◆ Work to complete ◆
What is wanted is every line below from the one with "Lightyear 0 unveiled" up to and including the one with "Pampers - Active Baby - GOLDFARMACI", retyped exactly, pictures excluded, nothing else.

◆ Data under study ◆
= = =

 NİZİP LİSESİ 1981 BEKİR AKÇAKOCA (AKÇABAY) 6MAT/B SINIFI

= = =

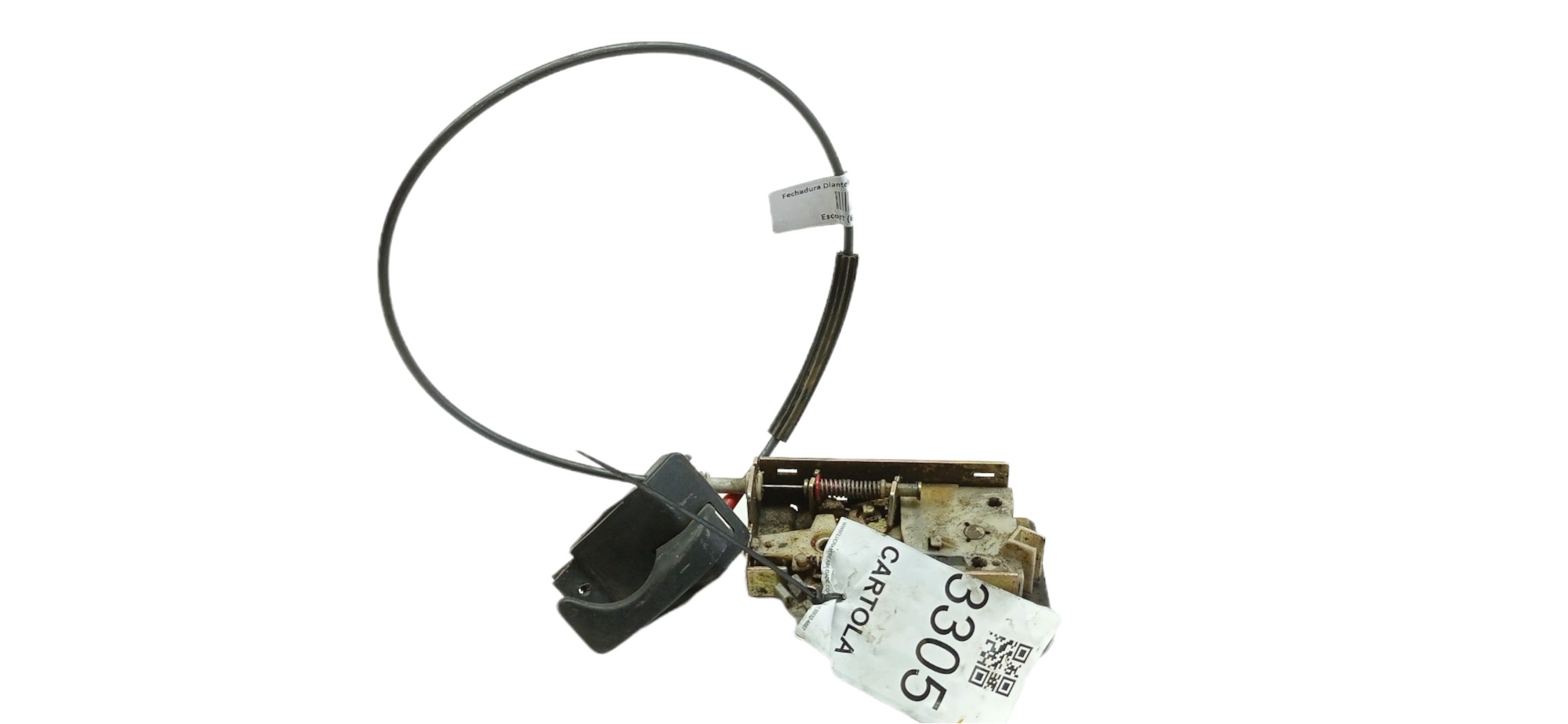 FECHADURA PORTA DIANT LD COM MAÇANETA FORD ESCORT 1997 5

= = =

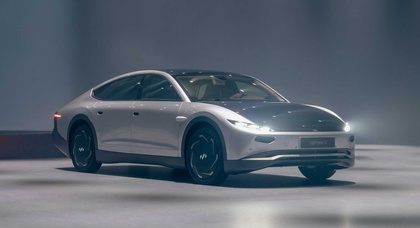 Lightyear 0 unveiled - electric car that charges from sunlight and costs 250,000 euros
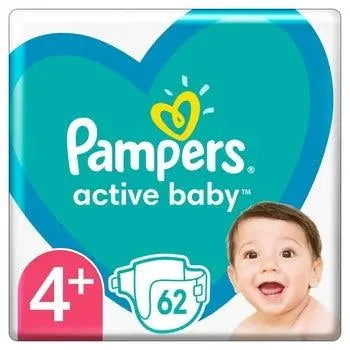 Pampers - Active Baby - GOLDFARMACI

= = =

◆ Response for this exercise ◆
 Lightyear 0 unveiled - electric car that charges from sunlight and costs 250,000 euros
 Pampers - Active Baby - GOLDFARMACI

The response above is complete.